NA MAO, Manjula Canagaratna, Nga Lee Ng, Satoshi Takahama, Ann M. Dillner, University of California, Davis

     Abstract Number: 39
     Working Group: Instrumentation and Methods

Abstract
Characterizing organic aerosols is critical in understanding atmospheric processes that affect climate change, air quality, and human health. Time of Flight Aerosol Chemical Speciation Monitor (ToF-ACSM) has been utilized to quantify inorganic and organic aerosols with high time resolution for a decade. However, the combined effects of thermal decomposition and fragmentation from electron ionization interfere with organic (OA) composition characterization.

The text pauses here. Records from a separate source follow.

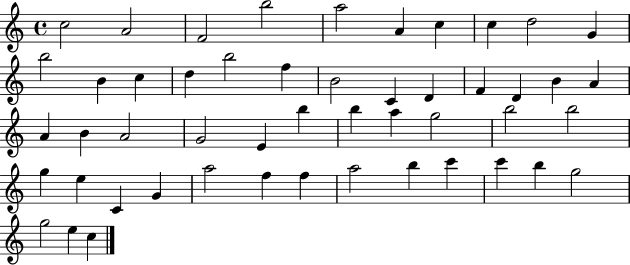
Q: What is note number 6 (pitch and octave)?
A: A4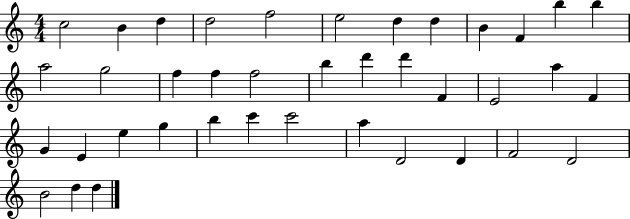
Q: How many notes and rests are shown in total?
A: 39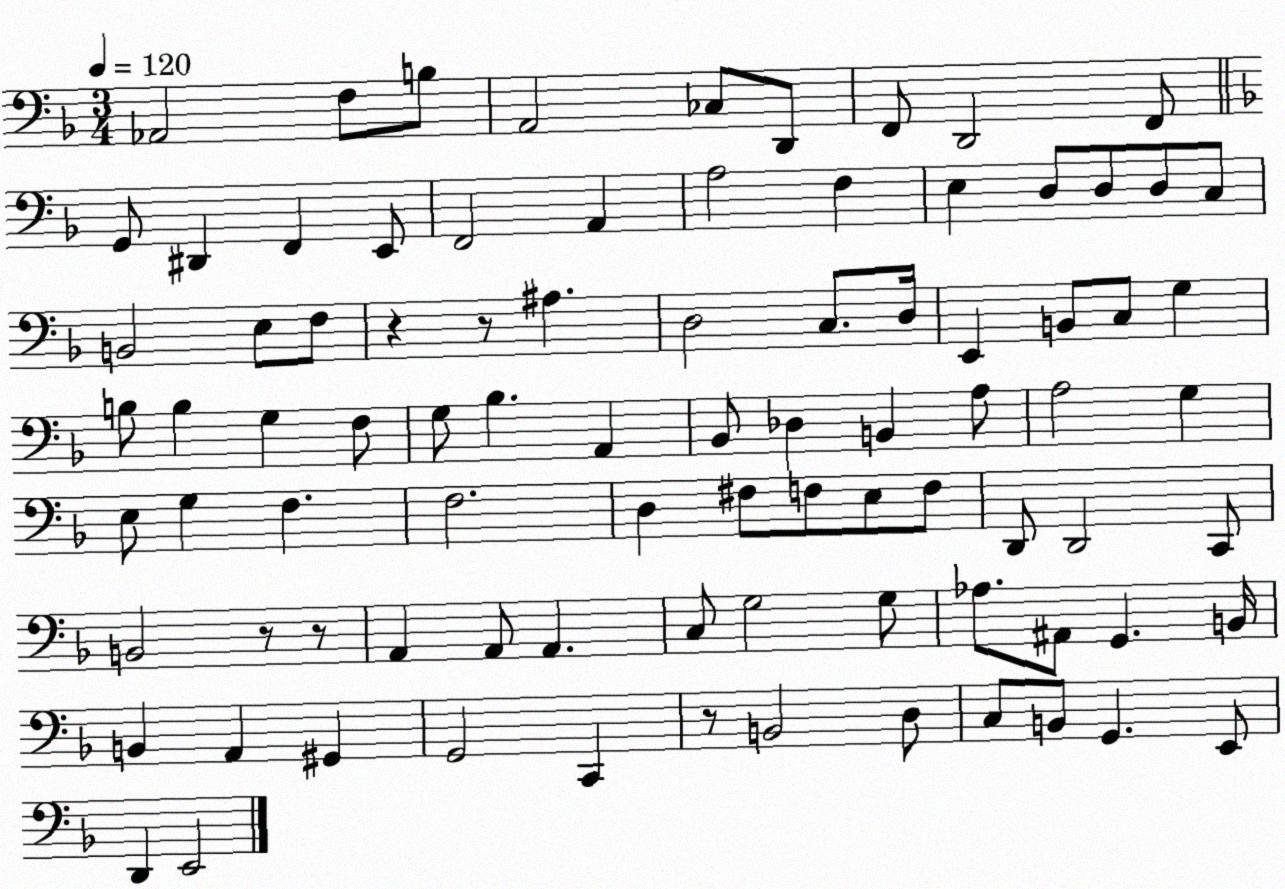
X:1
T:Untitled
M:3/4
L:1/4
K:F
_A,,2 F,/2 B,/2 A,,2 _C,/2 D,,/2 F,,/2 D,,2 F,,/2 G,,/2 ^D,, F,, E,,/2 F,,2 A,, A,2 F, E, D,/2 D,/2 D,/2 C,/2 B,,2 E,/2 F,/2 z z/2 ^A, D,2 C,/2 D,/4 E,, B,,/2 C,/2 G, B,/2 B, G, F,/2 G,/2 _B, A,, _B,,/2 _D, B,, A,/2 A,2 G, E,/2 G, F, F,2 D, ^F,/2 F,/2 E,/2 F,/2 D,,/2 D,,2 C,,/2 B,,2 z/2 z/2 A,, A,,/2 A,, C,/2 G,2 G,/2 _A,/2 ^A,,/2 G,, B,,/4 B,, A,, ^G,, G,,2 C,, z/2 B,,2 D,/2 C,/2 B,,/2 G,, E,,/2 D,, E,,2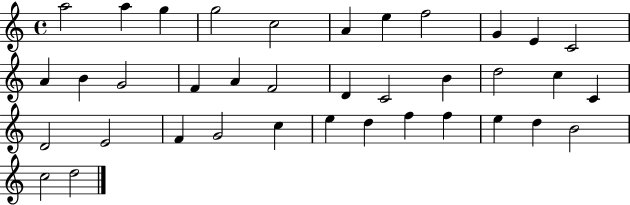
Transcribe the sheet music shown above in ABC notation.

X:1
T:Untitled
M:4/4
L:1/4
K:C
a2 a g g2 c2 A e f2 G E C2 A B G2 F A F2 D C2 B d2 c C D2 E2 F G2 c e d f f e d B2 c2 d2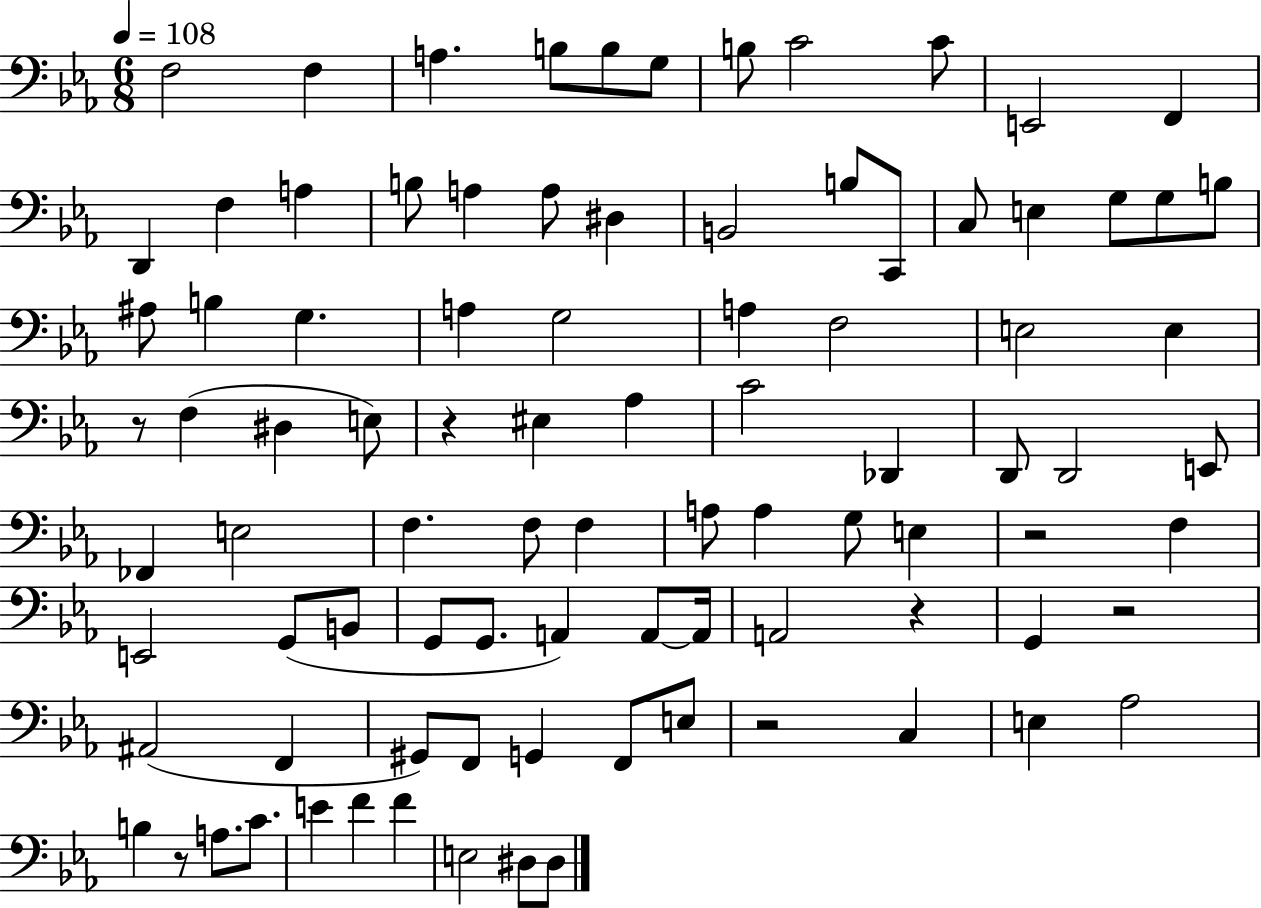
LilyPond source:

{
  \clef bass
  \numericTimeSignature
  \time 6/8
  \key ees \major
  \tempo 4 = 108
  f2 f4 | a4. b8 b8 g8 | b8 c'2 c'8 | e,2 f,4 | \break d,4 f4 a4 | b8 a4 a8 dis4 | b,2 b8 c,8 | c8 e4 g8 g8 b8 | \break ais8 b4 g4. | a4 g2 | a4 f2 | e2 e4 | \break r8 f4( dis4 e8) | r4 eis4 aes4 | c'2 des,4 | d,8 d,2 e,8 | \break fes,4 e2 | f4. f8 f4 | a8 a4 g8 e4 | r2 f4 | \break e,2 g,8( b,8 | g,8 g,8. a,4) a,8~~ a,16 | a,2 r4 | g,4 r2 | \break ais,2( f,4 | gis,8) f,8 g,4 f,8 e8 | r2 c4 | e4 aes2 | \break b4 r8 a8. c'8. | e'4 f'4 f'4 | e2 dis8 dis8 | \bar "|."
}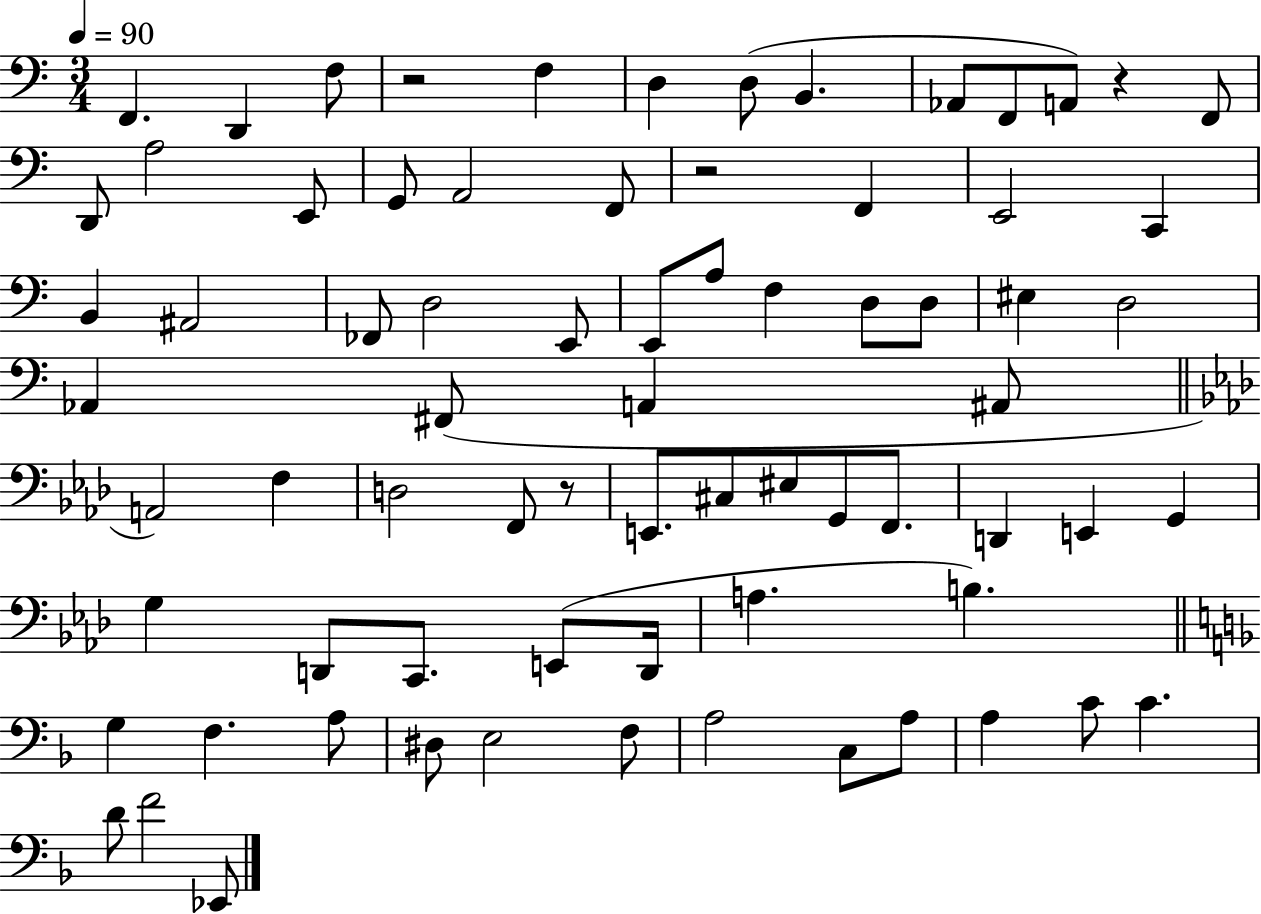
{
  \clef bass
  \numericTimeSignature
  \time 3/4
  \key c \major
  \tempo 4 = 90
  \repeat volta 2 { f,4. d,4 f8 | r2 f4 | d4 d8( b,4. | aes,8 f,8 a,8) r4 f,8 | \break d,8 a2 e,8 | g,8 a,2 f,8 | r2 f,4 | e,2 c,4 | \break b,4 ais,2 | fes,8 d2 e,8 | e,8 a8 f4 d8 d8 | eis4 d2 | \break aes,4 fis,8( a,4 ais,8 | \bar "||" \break \key aes \major a,2) f4 | d2 f,8 r8 | e,8. cis8 eis8 g,8 f,8. | d,4 e,4 g,4 | \break g4 d,8 c,8. e,8( d,16 | a4. b4.) | \bar "||" \break \key d \minor g4 f4. a8 | dis8 e2 f8 | a2 c8 a8 | a4 c'8 c'4. | \break d'8 f'2 ees,8 | } \bar "|."
}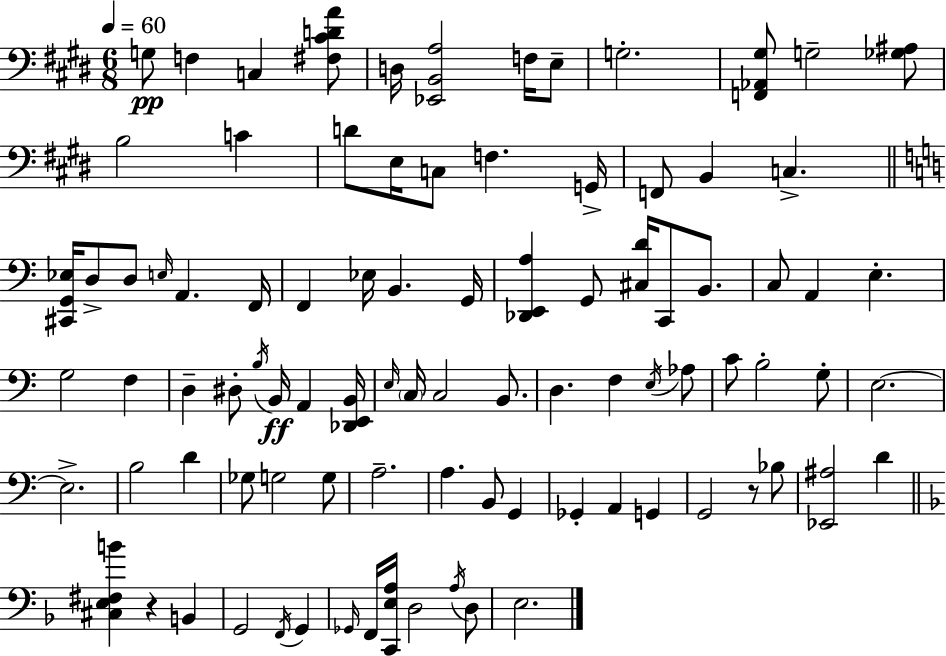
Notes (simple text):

G3/e F3/q C3/q [F#3,C#4,D4,A4]/e D3/s [Eb2,B2,A3]/h F3/s E3/e G3/h. [F2,Ab2,G#3]/e G3/h [Gb3,A#3]/e B3/h C4/q D4/e E3/s C3/e F3/q. G2/s F2/e B2/q C3/q. [C#2,G2,Eb3]/s D3/e D3/e E3/s A2/q. F2/s F2/q Eb3/s B2/q. G2/s [Db2,E2,A3]/q G2/e [C#3,D4]/s C2/e B2/e. C3/e A2/q E3/q. G3/h F3/q D3/q D#3/e B3/s B2/s A2/q [Db2,E2,B2]/s E3/s C3/s C3/h B2/e. D3/q. F3/q E3/s Ab3/e C4/e B3/h G3/e E3/h. E3/h. B3/h D4/q Gb3/e G3/h G3/e A3/h. A3/q. B2/e G2/q Gb2/q A2/q G2/q G2/h R/e Bb3/e [Eb2,A#3]/h D4/q [C#3,E3,F#3,B4]/q R/q B2/q G2/h F2/s G2/q Gb2/s F2/s [C2,E3,A3]/s D3/h A3/s D3/e E3/h.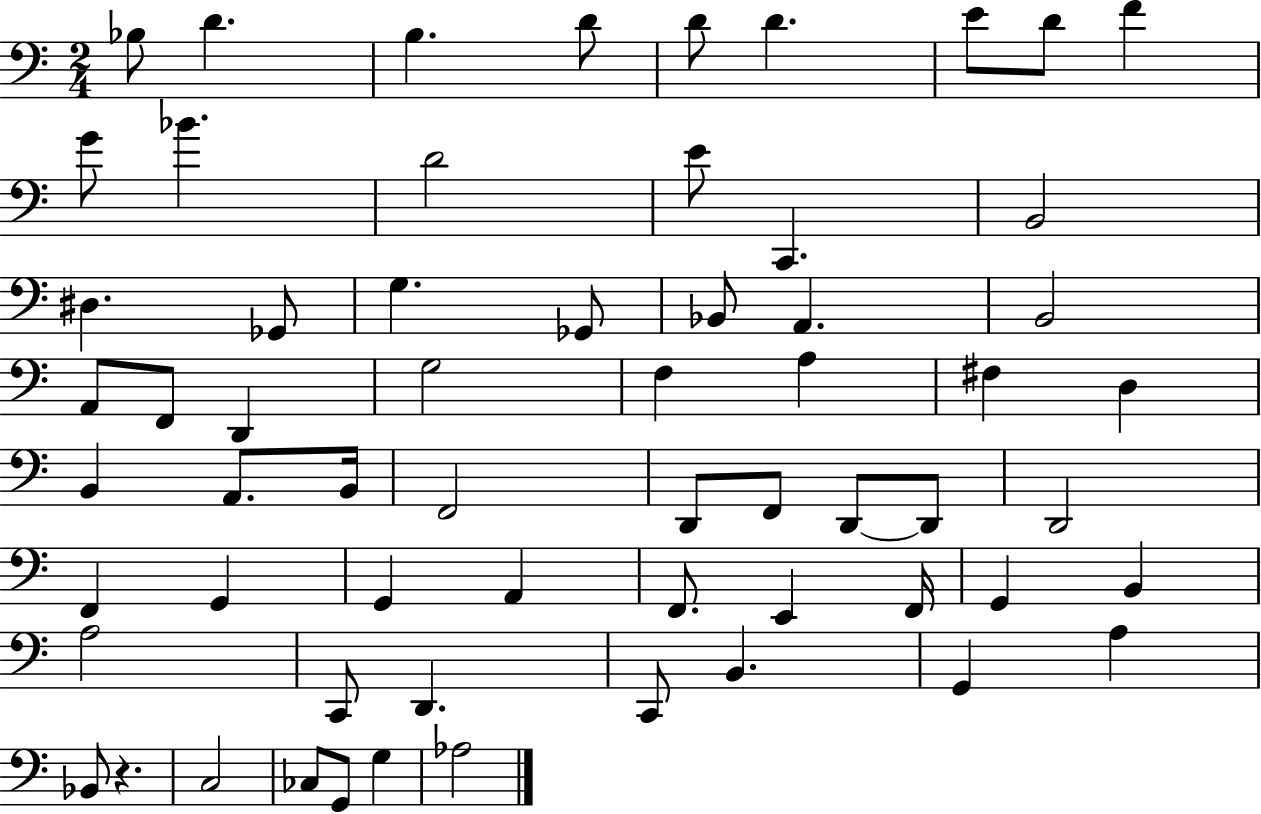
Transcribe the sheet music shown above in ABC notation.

X:1
T:Untitled
M:2/4
L:1/4
K:C
_B,/2 D B, D/2 D/2 D E/2 D/2 F G/2 _B D2 E/2 C,, B,,2 ^D, _G,,/2 G, _G,,/2 _B,,/2 A,, B,,2 A,,/2 F,,/2 D,, G,2 F, A, ^F, D, B,, A,,/2 B,,/4 F,,2 D,,/2 F,,/2 D,,/2 D,,/2 D,,2 F,, G,, G,, A,, F,,/2 E,, F,,/4 G,, B,, A,2 C,,/2 D,, C,,/2 B,, G,, A, _B,,/2 z C,2 _C,/2 G,,/2 G, _A,2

Estimating functional groups, like carboxylic acids and alcohols, from ToF-ACSM mass spectra remains challenging. The ToF-ACSM organic characterization will be enhanced by qualitatively exploring the relationship between ACSM fragment ions and fractions of functional groups (acids and alcohols) present in various representative compounds and assessing what type of model might best be used for prediction. Here, we systematically explore the relationships between fragment ions (m/z 29, 43, 44, 55, 57, 60, 69, 71, 73) from individual compounds, lab-generated mixtures, and their functional groups (acid mass fraction and OH mass fraction) by statistical models (Partial Least Square Regression, PLSR) and machine learning techniques (Random forest, RF, and Support Vector Machine, SVM). We selected a wide range of chemical representatives of carboxylic acids, alcohols, and multi-functional compounds with different O:C and sources, for instance, hydrocarbon-like OA, biomass-burning OA, cooking OA, and oxidized OA, including 22 pure compounds and 20 lab-generated mixtures. The fragment ions from lab-generated mixtures are used as the test set to evaluate predictions of acid or OH mass fractions made by mathematical mixtures from single compounds in three models. Overall, the OH mass fraction is better predicted than the acid mass fraction, and the RF model shows better prediction metrics (R2, bias, errors, etc.) than other models.